Home > Downpour (Greywalker #6)(11)

Downpour (Greywalker #6)(11)
Author: Kat Richardson

“OK. So, what’s the skinny on these yaoguai?”

Ben sighed. “Unfortunately, I really don’t know. They are elemental in nature—or at least a lot of them are. The Buddhist legends say the smart ones used to be humans who died in some particular sinful way and became demons when they descended to hell. I’m not sure how they get to be demons, but they do, and then they sort of embody their sin, and their way out of hell is to acquire the power of a very magical or truly enlightened man—to the Taoists and Buddhists, enlightenment and magic are closely related. Anyway, the demons acquire this power by literally consuming it—they eat the power, usually by eating the man who has it. The demons trick people by using illusions and making bargains, because these are both considered degraded uses of the powers that lead to enlightenment. They get more sophisticated and powerful as they consume more, but they always remain tricksters at heart until they can devour a truly enlightened man. You see the general trend?”

“What happens after the demon eats the Buddha or whatever?”

“I’m not sure. I think they become humans again, because it doesn’t make a lot of sense that they’d get to go straight to heaven after eating people. I’m going to have to look this up. . . .”

I had to say his name twice to get his attention back. “It’s OK for now. I get the general gist of the thing. Is there a way to destroy these demons?”

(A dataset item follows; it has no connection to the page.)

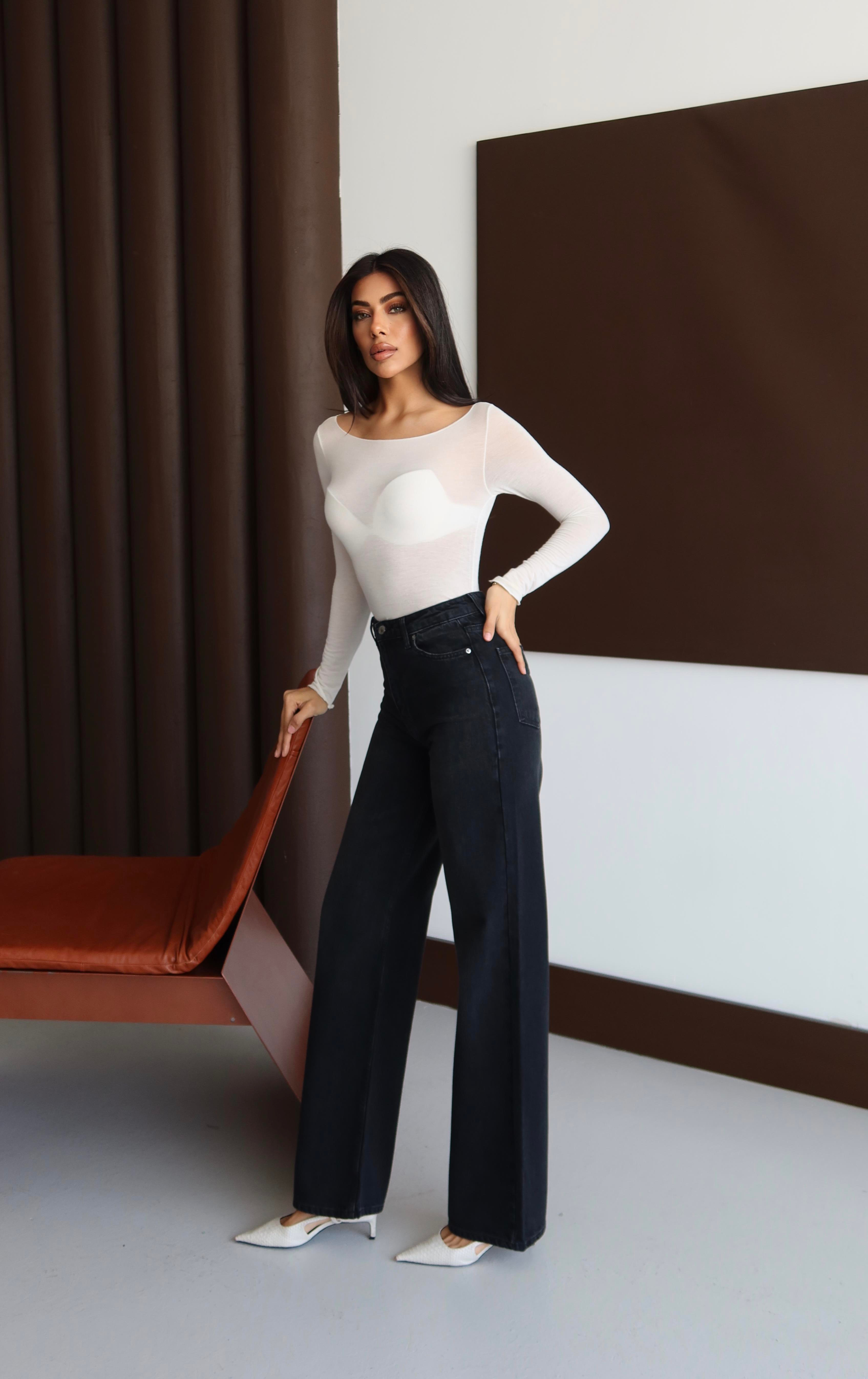 LACARINOYüksek Bel Rahat Kalıp Black Black Jean Pantolon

“Oh, you can’t really kill them—they’re already dead. You can banish them back to Diyu—that’s the Chinese underworld—though, if you know the right spell. You write it on a piece of yellow paper and . . . I think you make the demon eat it. I think—”

“Yellow paper?”

“Or silk I think will work, too. Yellow is the Buddhist color of sanctity and enlightenment. Red for happiness and luck, white for death.”

“What about green?”

“Not sure on that one, either, but I’d make a guess at the earth or living things.”

I humphed, trying to absorb all the information, match it up with what I’d seen and heard in the past two days, and let my mind look for connections to other magical things I was more familiar with. I’d stand a better chance of using this information to my advantage if I could relate it to things I already had some facility with.

“OK,” I said, “I think I have a general idea about this. I’d like to know more, but I think that’s all I can take in right now. Can I drop in on Monday and pick your brains some more?”

“Sure. Oh! And I have some great news! But I won’t tell you now. I’ll tell you on Monday.”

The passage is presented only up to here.